Afterward, the president and first lady Nancy Reagan bid a private farewell to the household staff in the residence.

As their final social duty in the executive mansion, they treated Bush and his wife Barbara, Dan Quayle and his wife Marilyn, and the members of the congressional inaugural escort committee to coffee and pastries in the Blue Room of the executive residence.

Then, for the last time, Reagan left the White House as president, his first lady at his side.

After Bush's swearing-in, the Reagans travel by helicopter from Capitol Hill to Andrews Air Force Base outside Washington, from where they will fly to Los Angeles.

On the eve of his inaugural, Bush and Reagan met privately for about 10 minutes in the Oval Office, reminiscing about their eight years together. Then the pair went next door to the Roosevelt Room to bid farewell to about 80 senior members of the White House staff, Fitzwater said.

"The president just said he wanted to thank everyone for eight years of work on his behalf," Fitzwater said, adding that Bush paid tribute to Reagan, saying, "I wouldn't be the president if not for my teacher here, and my friend."

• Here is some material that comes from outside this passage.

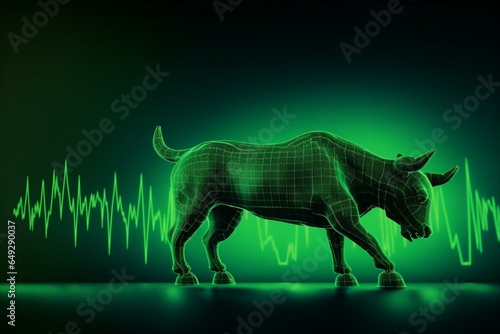 Bullish stock graph with green background. Generative AI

Reagan told the group he appreciated Bush's support over the years, quipping, "George never took my pulse once."

The president spent his last full workday doing routine paperwork, giving interviews to reporters and presenting the Medal of Freedom to Secretary of State George Shultz and former U.S. Ambassador to Japan Mike Mansfield.

Reagan's speech at the event was delivered in the patriotic vein that has marked his addresses for decades.

"There is nothing so precious and irreplaceable as America's freedom," Reagan said. "America's freedom does not belong to just one nation. We are custodians of freedom for the world."

And, he added, "George is the man who should be in this office replacing me."

In an interview with wire service reporters, Reagan acknowledged that he was leaving office frustrated over his inability to free Americans held hostage in Lebanon. "We don't know where they are," he conceded.

Even to the end of his presidency, Reagan said, officials continued to explore "quietly and privately" how to win freedom for the nine Americans. "There hasn't been a moment that this isn't on our minds," he said.

On other subjects in the interview:

-Reagan maintained that his administration's arms sales to Iran in 1985 and 1986 did not constitute an attempt to trade arms for the hostages. Reagan called that view "a total media distortion," despite his own comments in a nationally televised speech in March 1987 that the weapons sale initiative "deteriorated in its implementation into trading arms for hostages."

-He said he still believes former White House aides Oliver L. North and John M. Poindexter will be acquitted of criminal wrongdoing in connection with the arms deal. He also said that granting pardons for either man before leaving office would have left them "forever after with that guilt hanging over them."

-Reagan disputed polls indicating that Soviet leader Mikhail Gorba-chev's arms-cutting proposals made him a more popular figure with Europeans.

"I refuse to accept the premise," Reagan said. "I can't quite accept that he's more popular than I am."